While you copy the lines below, skip the pictures and keep the rest exact.

*DATA EXCERPT*:
┄┄┄┄┄┄┄┄┄┄
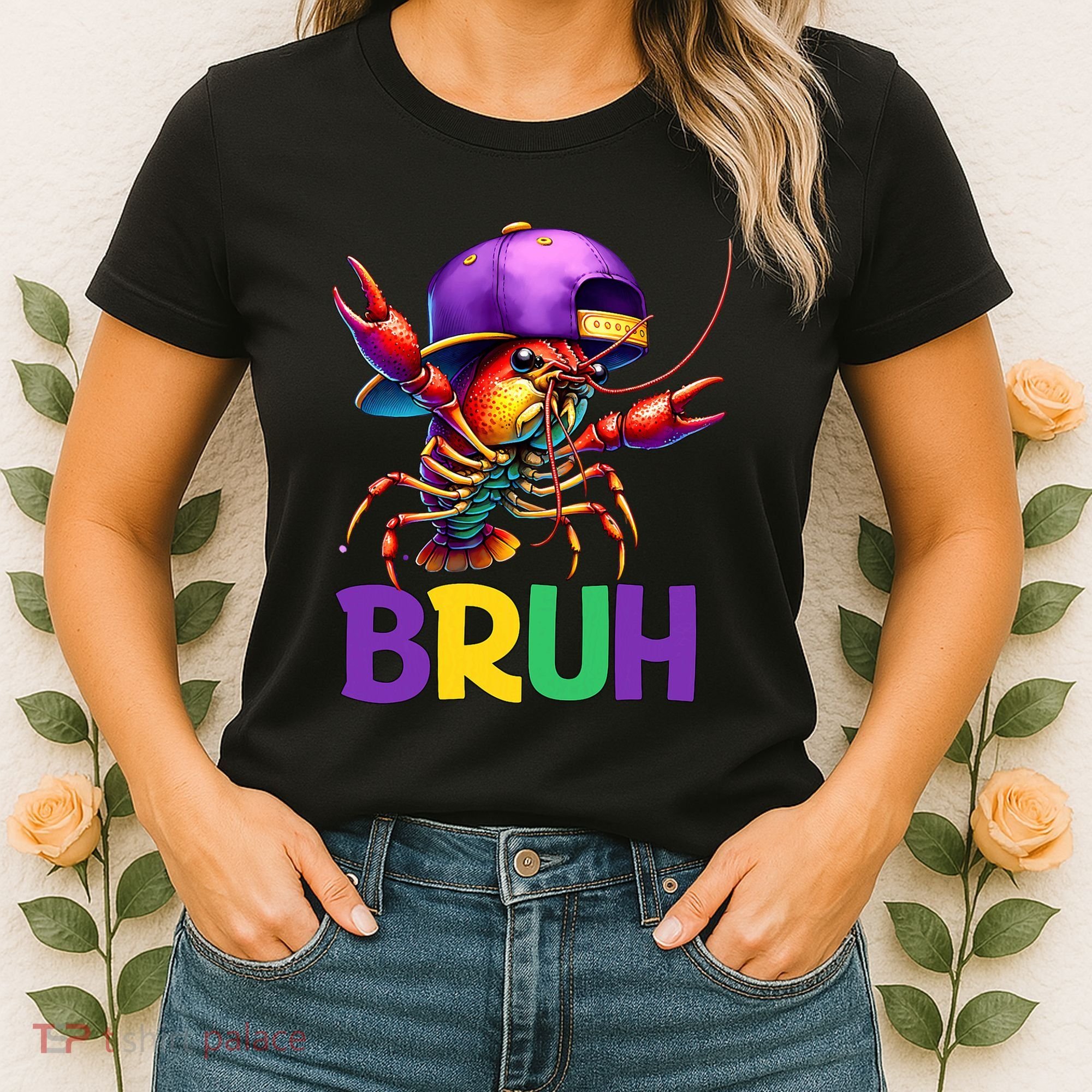 Bruh Mardi Gras Bruh Crawfish Mardi Gras Women's T-Shirt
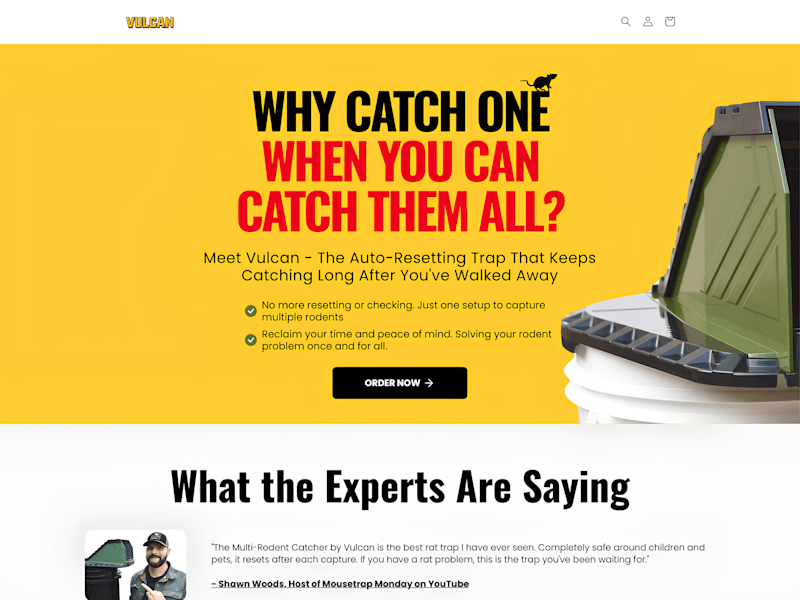 Cover image for Vulcan site buildout | Replo Landing page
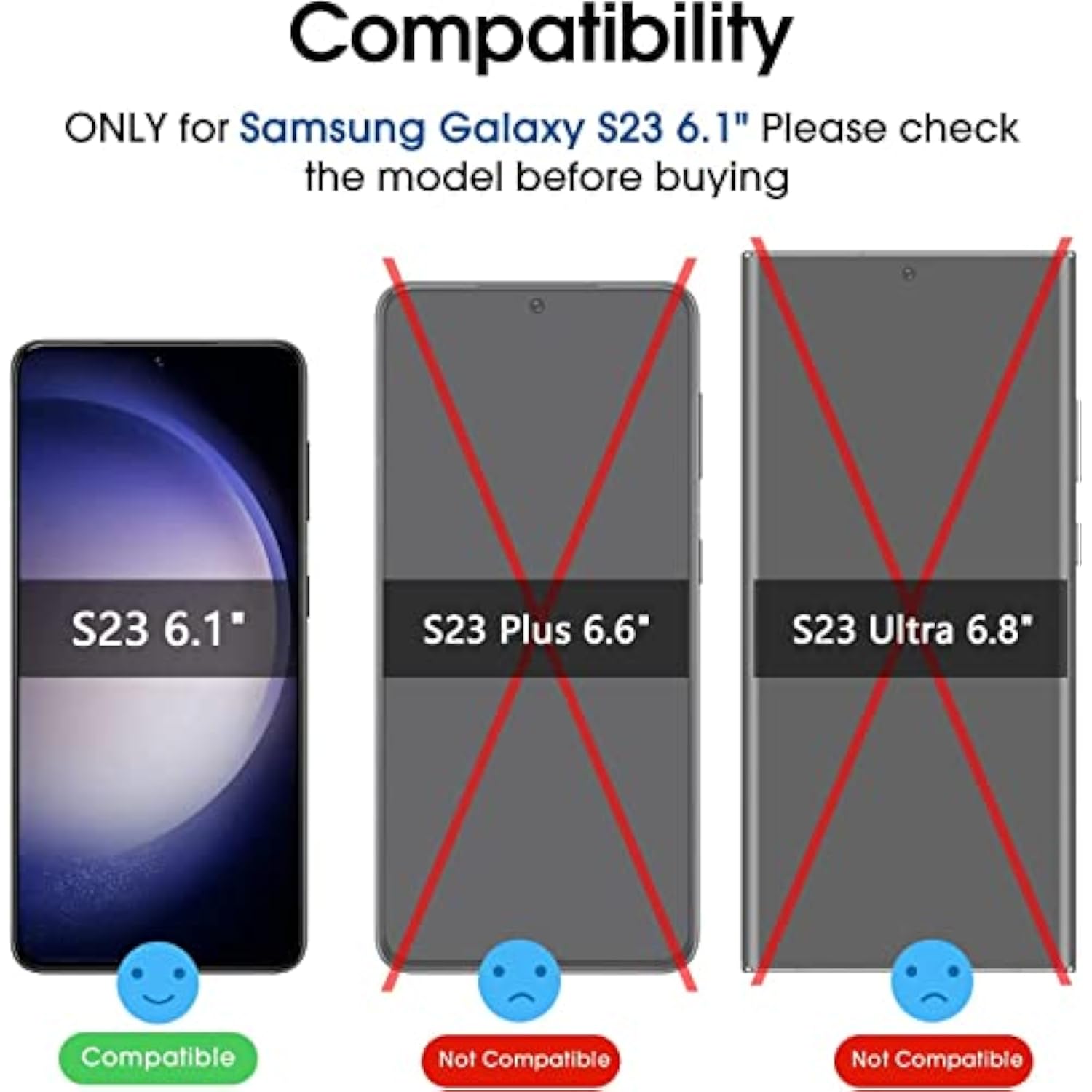 amFilm 2+2 Pack Samsung Galaxy S23 6.1'' Privacy Screen Protector with Camera Lens Protector, Anti Spy Hybrid Film, Fingerprint ID Compatible, Easy to Installation.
┄┄┄┄┄┄┄┄┄┄
*ANSWER AREA*:
 Bruh Mardi Gras Bruh Crawfish Mardi Gras Women's T-Shirt
 Cover image for Vulcan site buildout | Replo Landing page
 amFilm 2+2 Pack Samsung Galaxy S23 6.1'' Privacy Screen Protector with Camera Lens Protector, Anti Spy Hybrid Film, Fingerprint ID Compatible, Easy to Installation.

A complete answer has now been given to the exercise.